Other recent Game Commission initiatives to promote youth hunting opportunities include: a youth spring gobbler season that was held in 2004 for the first time; a youth pheasant hunt that began in 2002; a youth waterfowl hunt initiated in 1996; special antlerless deer harvesting opportunities initiated in 1998, and expanded in 2000; and youth field days implemented in the early 1990s. Also, as part of the license fee increase approved in 1998, the General Assembly created a junior combination license that packages regular license privileges with archery, flintlock and furtaking opportunities for $9, compared to the regular junior license price of $6.


While Pennsylvania's second youth spring gobbler season seems like a long way off - April 23, 2005 - Pennsylvania Game Commission Executive Director Vern Ross noted that now is the time for hunting clubs to consider whether they want to help maximize this opportunity for juniors by hosting a mentored youth hunt.

"To maximize this opportunity for young hunters, and to ensure we pass along the ethics and ideals of our hunting heritage, the Game Commission is urging local clubs to consider hosting a mentored youth spring gobbler hunt for the young people in their community," Ross said. "Experienced turkey hunters have much to offer young hunters who are just starting out. Also, it can be personally fulfilling to know that you are an active part of helping to pass along Pennsylvania's hunting and trapping heritage to a new generation."

Juniors participating in this special big-game hunting opportunity can learn from club members about scouting out good hunting locations and how to call turkeys. And, at the same time, clubs can benefit by demonstrating the importance and benefits for hunters to join a local organization.
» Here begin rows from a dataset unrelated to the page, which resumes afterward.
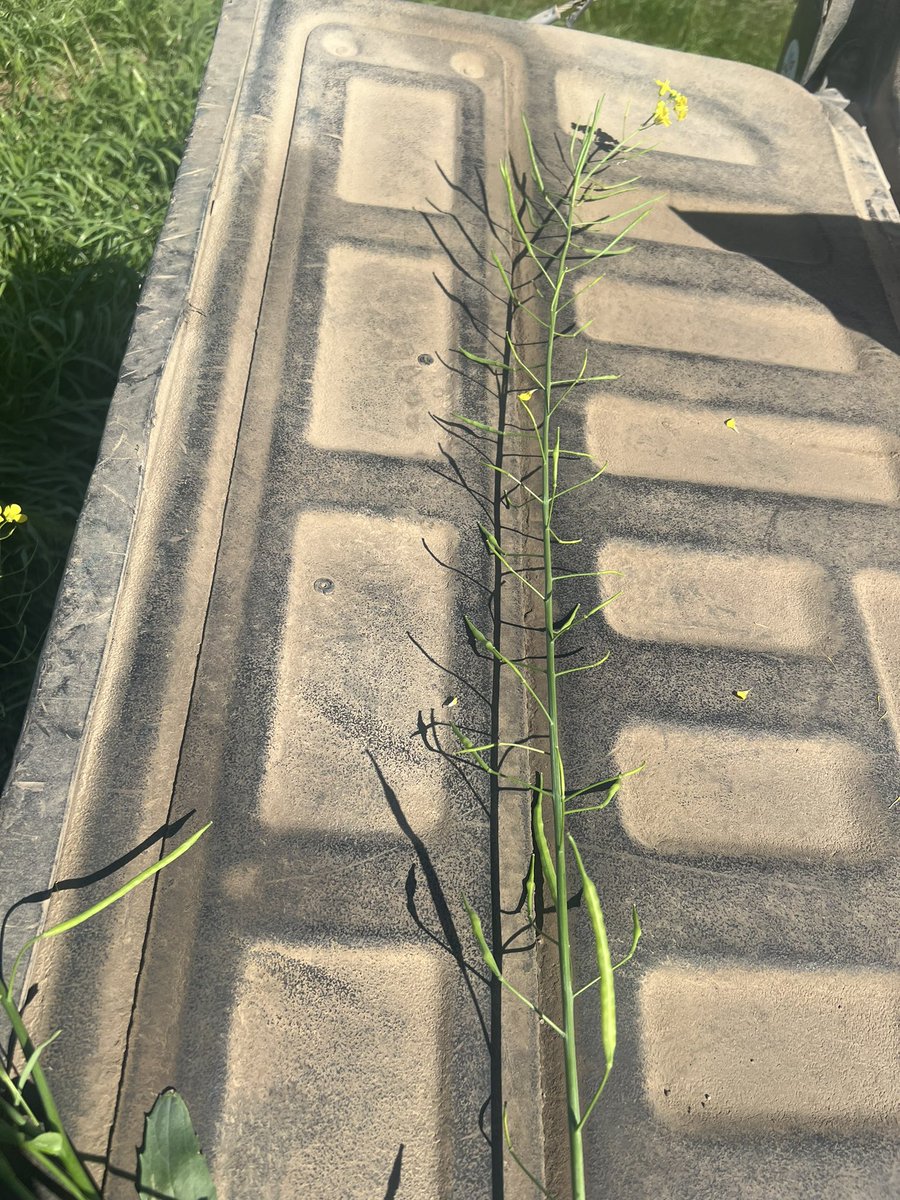 Jolene Strain tweet media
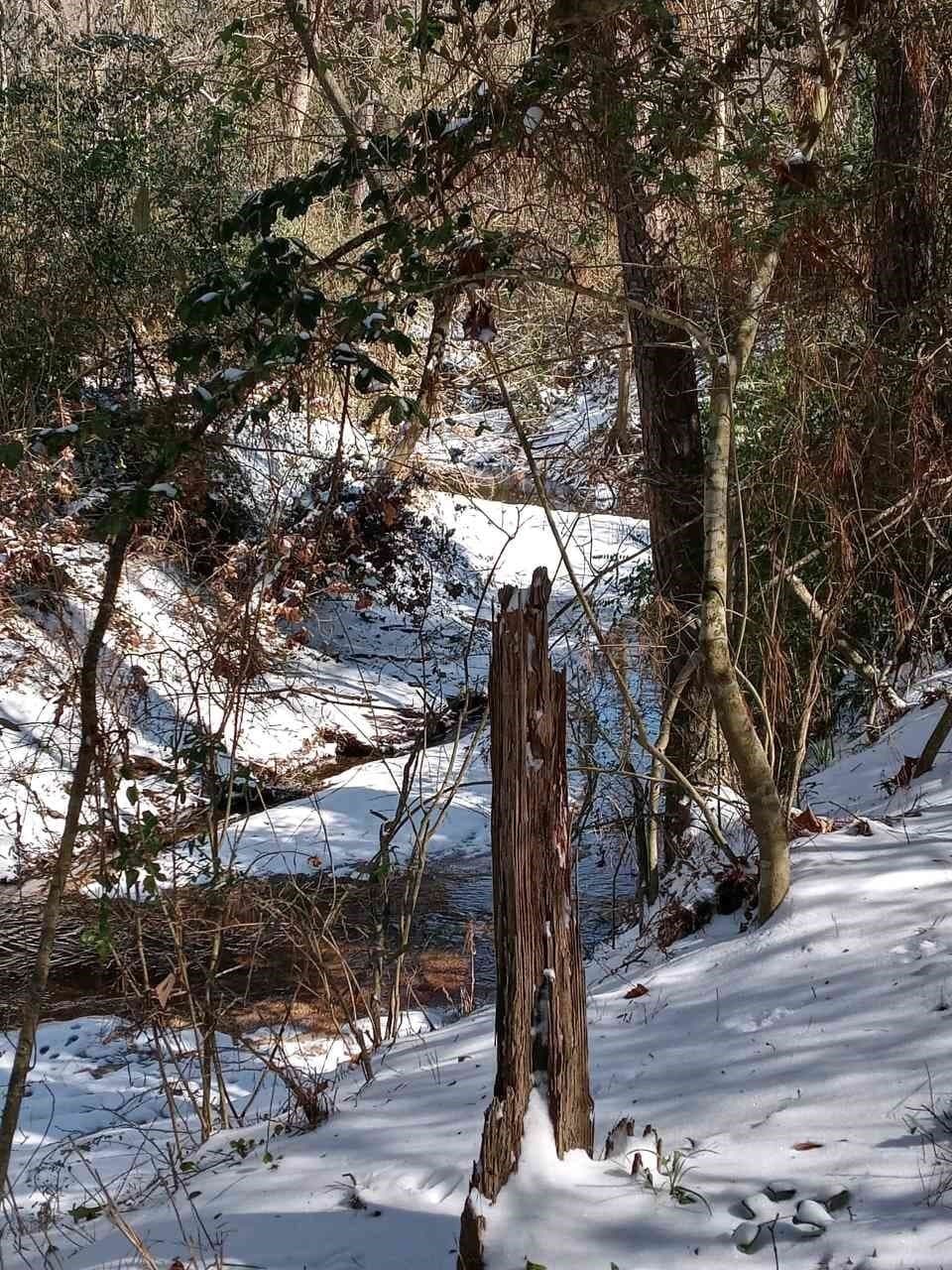 3 acres in Montgomery County - photo 9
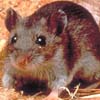 ratmouse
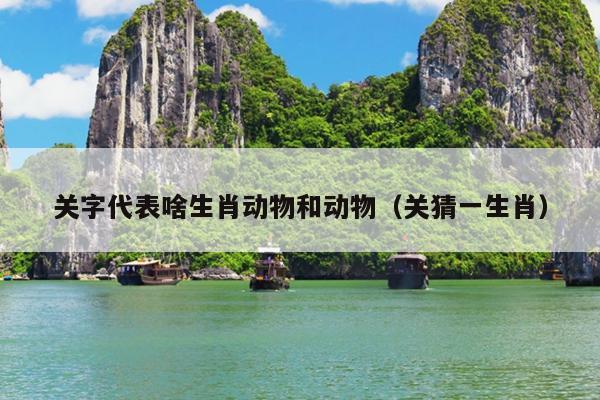 关字代表啥生肖动物和动物（关猜一生肖）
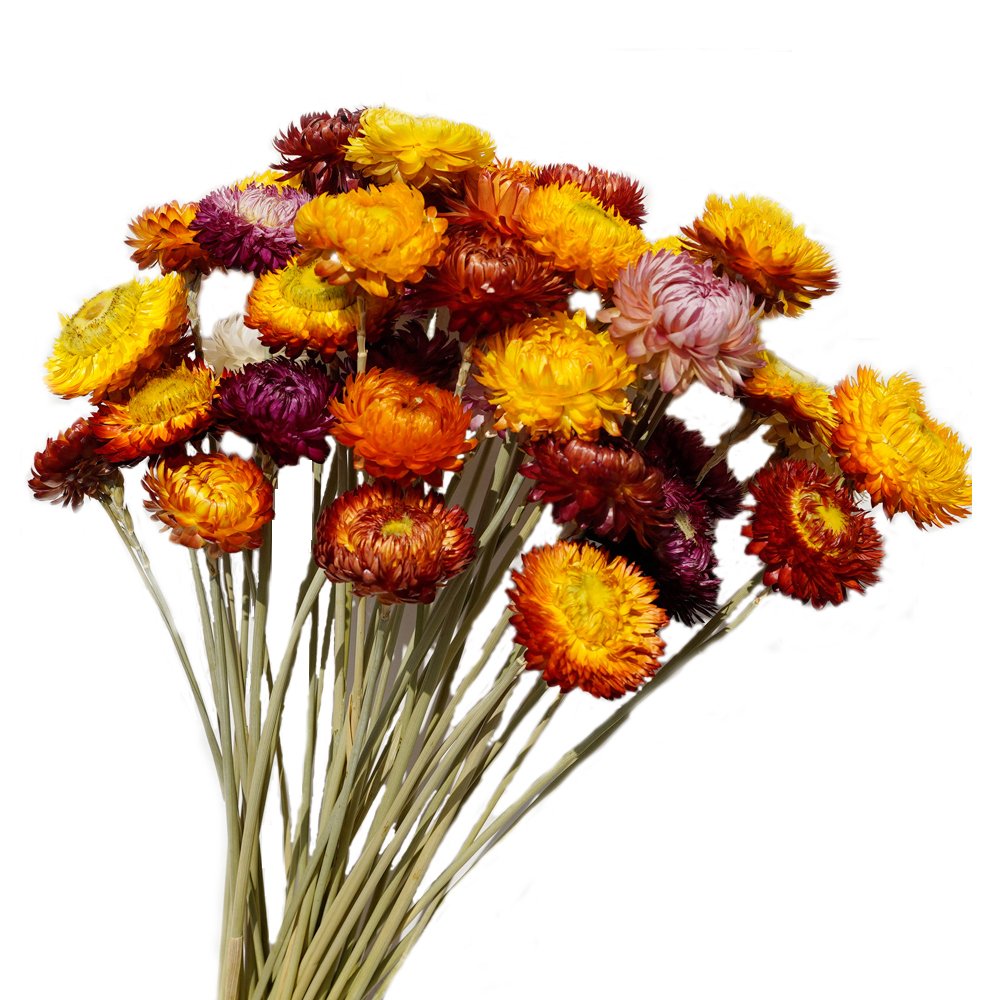 Manufacturer Dried Flower Daisy Bouquet 100% Natural Chrysanthemum Dry Flower Home Decora Party DIY Arrangement Wheat Straw Bulk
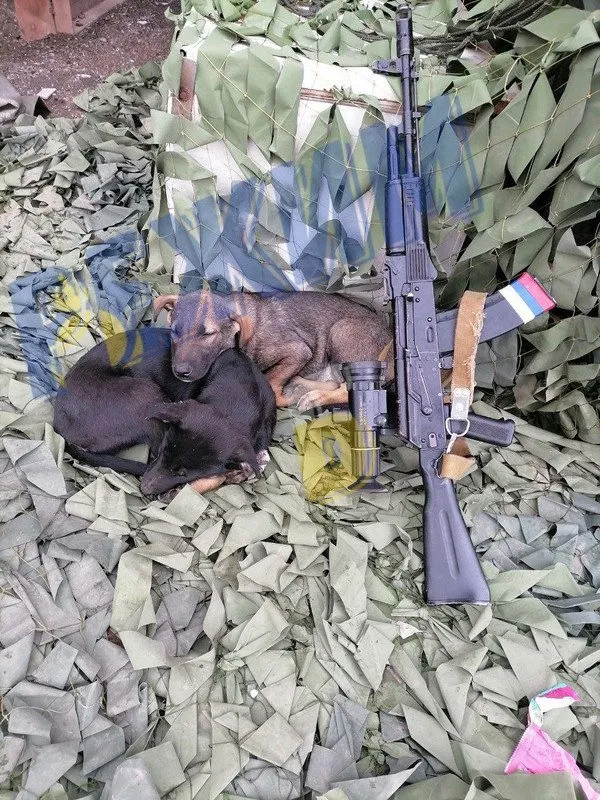 Человек собаке друг!!!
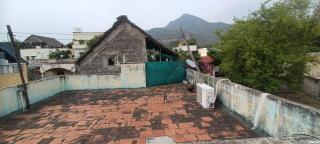 Nature's Abode - 4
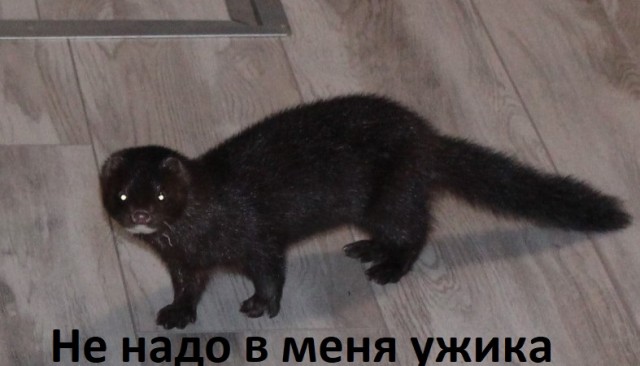 Демократия в опасности!
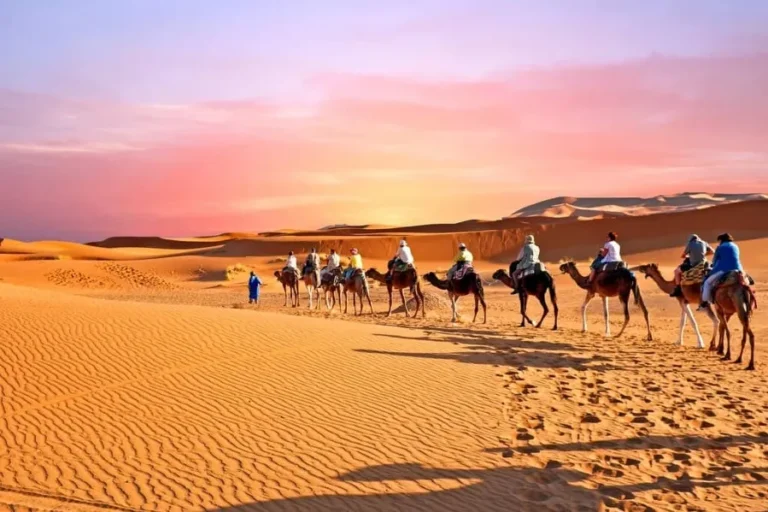 A group of travelers riding camels across the vast expanse of the Moroccan desert, enjoying their adventurous journey.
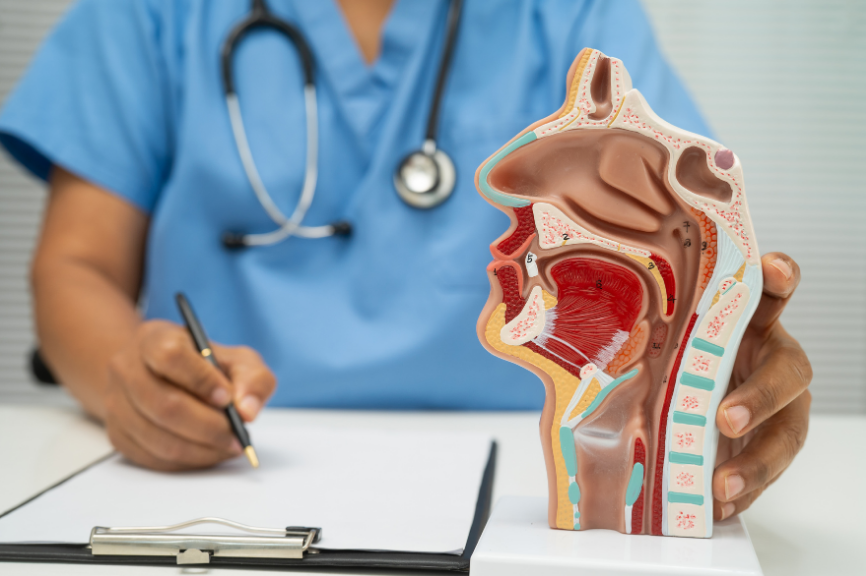 Frenillo Lingual Corto Tratamiento: conoce cuándo se recomienda la cirugía y agenda una evaluación con especialistas en cirugía maxilofacial y fonoaudiología.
Those clubs interested in hosting a mentored youth spring gobbler hunt are encouraged to make use of the 26-page planning guide originally prepared by the Game Commission and the Pennsylvania State Chapter of Pheasants Forever for the mentored youth pheasant hunt. The planning guide offers a step-by- step guide on how to develop an organized mentored youth hunt, and includes: a sample timeline; suggested committees and assignments; general event planning considerations; and several sample forms and news releases. It also includes event evaluation guides so clubs and organizations may consider changes for future mentored youth hunts.

The manual can be viewed on the agency's website (, by clicking on "Hunting & Trapping," then selecting "2004 Youth Pheasant Hunt," and then selecting "Planning Guide."

Lori Richardson, agency outreach coordinator and chair of the Game Commission's Youth Turkey Hunt Committee, said that to participate in the special hunt, youngsters must be 12 to 16 years of age, and must have successfully completed a Hunter-Trapper Education course. As required by law, an adult must accompany young hunters between 12 and 15 years of age.

Richardson also noted that participants in the youth spring gobbler season also will be required to purchase a junior hunting license. The Committee recommended this requirement to ensure that all participants had passed a Hunter-Trapper Education course and to provide a method of tagging and reporting turkey harvest information via the report cards.

"By setting the youth spring gobbler hunt for April 23 - a week earlier than the start of the statewide spring gobbler season, young hunters will be afield at a time when the turkey population is at its highest level, before the birds are hunted by others and at the peak of gobbling activity," Richardson said.